DEFINITION of Accumulation Plan
An accumulation plan is a general financial strategy in which an investor attempts to build the value of his or her portfolio. In the context of mutual funds, an accumulation plan is a formal arrangement in which an investor contributes a specified amount of money to the fund on a periodic basis. By doing so, the investor accumulates a larger and larger investment in the fund through his or her contributions and the increase in value of the fund's portfolio.
BREAKING DOWN Accumulation Plan
In economics and accounting, capital accumulation is often equated with investment of profit income or savings, especially in real capital goods.
Capital accumulation refers ordinarily to:
- Real investment in tangible means of production, such as acquisitions, research and development and other investments that can increase the capital flow.
- Investment in financial assets represented on paper, yielding profit, interest, rent, royalties, fees or capital gains.
- Investment in nonproductive physical assets such as residential real estate or works of art that could rise in value.

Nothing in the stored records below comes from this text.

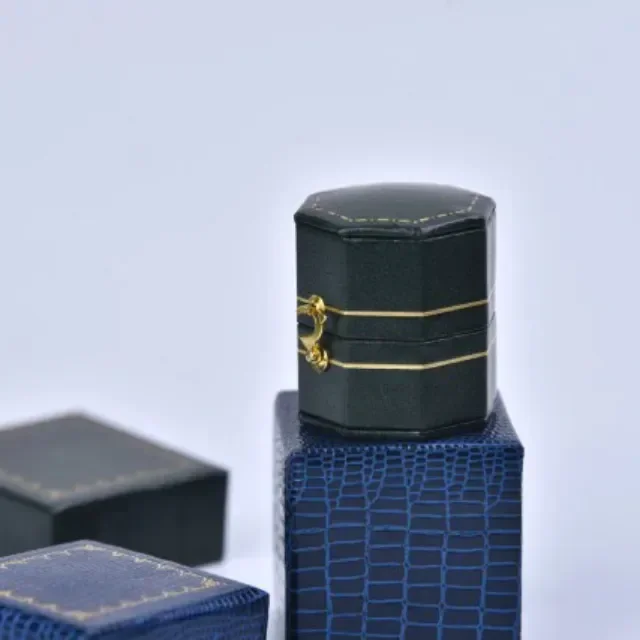 Richpack Compact Small Jewelry Boxes for Minimalist Storage | Small Jewelry Chests and Cases for Travel and Daily Use Bulk Orders Welcome - DSC 5674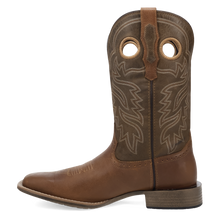 Load image into Gallery viewer, LAREDO by DAN POST MEN'S ATKINS BROWN LEATHER BOOT
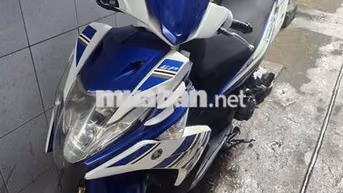 Yamaha Nouvo 5 Xanh trắng Việt Nam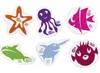 Beco-Sealife Tauchtiere Produktbild-Vorschau 2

Why Have an Accumulation Plan
A prudent accumulation plan is key to building a financial nest egg for retirement. Many investors accumulate investment funds with regular contributions and the reinvestment of dividends and capital gains. Generally, the goal is to keep funds invested, reinvest income and capital gains, and have these compound for as long as possible.
An accumulation plan can also be useful for investors who wish to build their positions in a mutual fund over time. It also provides the benefits of dollar-cost averaging.
Voluntary Accumulation Plan
A voluntary accumulation plan is an investment method in which a retail investor periodically invests (at his or her discretion) relatively small amounts of money into a mutual fund, building a large position over an extended period.
By spreading the contributions over a period of time, investors reap the benefits of dollar-cost averaging because the fixed contributions will buy more shares of a mutual fund when its price is low than when it is high. This can be an excellent solution for anyone who wishes to build an investment portfolio but is not in a position to invest a large sum of money at one time.
Along with the advantage of being able to build up an investment over an extended period, the voluntary accumulation plan has the benefit of being an investment option with mutual funds that are considered to be relatively low risk. Another benefit is that the plan allows mutual fund investors to take advantage of dollar-cost averaging.